若くしてマグナム会員になるほどの腕利きでスター的存在の主人公リー(キルスティン・ダンスト)に憧れ、無謀にも現場に突入しカメラを構え暴動に巻き込まれるジェシー。リーの一行は彼女の熱意に押され、連合勢力のターゲットである大統領のいるワシントンDCへの旅に同行させることにします。
その道中で壮絶な場面に遭遇する。恐怖でフリーズしてしまいカメラを向けることが頭から抜け落ちてしまった自分に腹を立てるジェシーは、その後さらに身の危険にさらされ恐怖を味わうのですが、その過程を経て報道カメラマンとしての執着心と度胸を身に付けていきます。
一方リーは、これまで数々の戦場で悲惨な状況を果敢に写真に収めてきたのにも関わらず、それが自国で起き仲間にも及んでいることを目の当たりにし、足がすくみがちになる。リーの報道カメラマン魂が、時間と共にジェシーに移植され引き継がれていったように見えました。
リーの相棒であるライターの男性ジョエルは、遠くに戦火を見て性的興奮を覚えていました。ジェシーも最後の方では決定的シーンをshootするのに無我夢中になります。死と隣り合わせにある仕事に情熱や使命感を感じられる人たちは、平穏な暮らしに安住する我々とは全く違う感覚なのだな、そのくらいじゃないとできないのだなと改めて思いました(凄い仕事です)。

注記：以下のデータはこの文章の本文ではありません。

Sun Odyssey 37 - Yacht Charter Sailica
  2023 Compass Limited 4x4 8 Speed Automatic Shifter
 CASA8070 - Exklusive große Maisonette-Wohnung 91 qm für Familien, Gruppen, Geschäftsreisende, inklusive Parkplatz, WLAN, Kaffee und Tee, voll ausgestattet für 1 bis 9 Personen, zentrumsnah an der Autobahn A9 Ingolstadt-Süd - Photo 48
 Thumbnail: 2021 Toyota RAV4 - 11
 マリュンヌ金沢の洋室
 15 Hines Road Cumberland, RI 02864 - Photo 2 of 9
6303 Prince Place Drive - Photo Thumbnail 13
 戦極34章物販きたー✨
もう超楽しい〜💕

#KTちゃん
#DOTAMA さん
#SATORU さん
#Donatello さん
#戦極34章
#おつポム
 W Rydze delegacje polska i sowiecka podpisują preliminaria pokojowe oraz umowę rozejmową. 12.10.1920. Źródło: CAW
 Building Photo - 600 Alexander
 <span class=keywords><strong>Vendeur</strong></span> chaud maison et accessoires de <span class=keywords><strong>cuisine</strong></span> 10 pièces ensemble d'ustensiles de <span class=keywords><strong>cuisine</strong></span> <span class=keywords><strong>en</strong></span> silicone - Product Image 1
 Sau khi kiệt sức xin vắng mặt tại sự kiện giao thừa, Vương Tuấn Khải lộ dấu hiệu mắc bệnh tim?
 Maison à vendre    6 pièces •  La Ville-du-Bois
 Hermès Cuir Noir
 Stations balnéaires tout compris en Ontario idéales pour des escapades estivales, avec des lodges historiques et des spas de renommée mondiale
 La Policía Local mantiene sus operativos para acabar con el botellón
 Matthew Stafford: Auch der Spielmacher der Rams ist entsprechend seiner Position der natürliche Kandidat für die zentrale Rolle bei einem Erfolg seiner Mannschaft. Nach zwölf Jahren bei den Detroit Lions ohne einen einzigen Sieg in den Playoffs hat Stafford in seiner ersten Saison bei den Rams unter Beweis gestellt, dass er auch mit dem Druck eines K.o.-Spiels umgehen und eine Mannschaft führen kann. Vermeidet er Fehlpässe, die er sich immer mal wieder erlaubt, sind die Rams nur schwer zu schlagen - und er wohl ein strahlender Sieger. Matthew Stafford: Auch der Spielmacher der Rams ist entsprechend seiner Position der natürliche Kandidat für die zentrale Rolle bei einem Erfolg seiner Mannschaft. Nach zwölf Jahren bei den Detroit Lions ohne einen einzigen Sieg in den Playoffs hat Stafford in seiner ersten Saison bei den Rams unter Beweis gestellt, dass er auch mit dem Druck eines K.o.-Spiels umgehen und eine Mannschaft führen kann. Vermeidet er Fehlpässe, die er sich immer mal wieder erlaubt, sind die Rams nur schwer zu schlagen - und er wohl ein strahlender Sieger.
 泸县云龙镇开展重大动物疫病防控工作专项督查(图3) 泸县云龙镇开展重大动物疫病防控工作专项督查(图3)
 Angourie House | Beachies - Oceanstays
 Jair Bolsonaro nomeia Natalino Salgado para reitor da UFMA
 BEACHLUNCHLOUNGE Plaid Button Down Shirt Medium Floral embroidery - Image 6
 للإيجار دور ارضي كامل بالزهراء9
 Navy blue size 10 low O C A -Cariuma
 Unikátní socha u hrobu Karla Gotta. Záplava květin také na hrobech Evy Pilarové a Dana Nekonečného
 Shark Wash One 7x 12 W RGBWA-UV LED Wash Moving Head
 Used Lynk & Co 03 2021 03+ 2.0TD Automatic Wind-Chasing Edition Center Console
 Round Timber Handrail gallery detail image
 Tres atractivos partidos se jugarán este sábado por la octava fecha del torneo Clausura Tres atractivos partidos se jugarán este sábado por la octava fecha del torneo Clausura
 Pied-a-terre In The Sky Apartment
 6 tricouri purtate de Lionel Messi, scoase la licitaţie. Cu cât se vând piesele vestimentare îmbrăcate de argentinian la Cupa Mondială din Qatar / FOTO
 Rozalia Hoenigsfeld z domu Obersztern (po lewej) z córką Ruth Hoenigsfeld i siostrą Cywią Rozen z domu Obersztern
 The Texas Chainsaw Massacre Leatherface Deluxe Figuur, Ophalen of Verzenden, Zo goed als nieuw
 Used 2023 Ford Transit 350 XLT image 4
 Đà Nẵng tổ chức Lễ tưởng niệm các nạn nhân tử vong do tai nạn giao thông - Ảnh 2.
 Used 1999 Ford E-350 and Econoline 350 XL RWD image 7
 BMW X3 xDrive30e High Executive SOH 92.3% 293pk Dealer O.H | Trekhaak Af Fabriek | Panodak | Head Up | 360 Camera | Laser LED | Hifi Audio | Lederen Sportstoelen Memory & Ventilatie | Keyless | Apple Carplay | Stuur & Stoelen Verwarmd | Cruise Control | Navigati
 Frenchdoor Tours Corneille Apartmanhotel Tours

多くの方が注目されている "What kind of American are you?" と銃を持った迷彩服の男にリーたちが問い詰められるシーン。怖かったですねー。あの男はなぜフレームまで赤いサングラスを掛けていたのか謎です(トランプさんの赤いネクタイと同じでしょうか)。
後からあの男を演じていたのがジェシー・プレモンスだと知ってちょっと嬉しくなりました。ヨルゴス・ランティモス監督の「憐れみの3章」での狂気とはまた違った方向性での怖さがあるヤバい人の演技、堪能させていただきました~
公式サイトでの各業界の方々のコメントを読むと、やはりアメリカの起こり得る悪い未来について語られているので、わたしの感想はもしかしたら的外れなのかもしれません。そういう見方もできるねと思ってくださる方がいたらとても嬉しいです。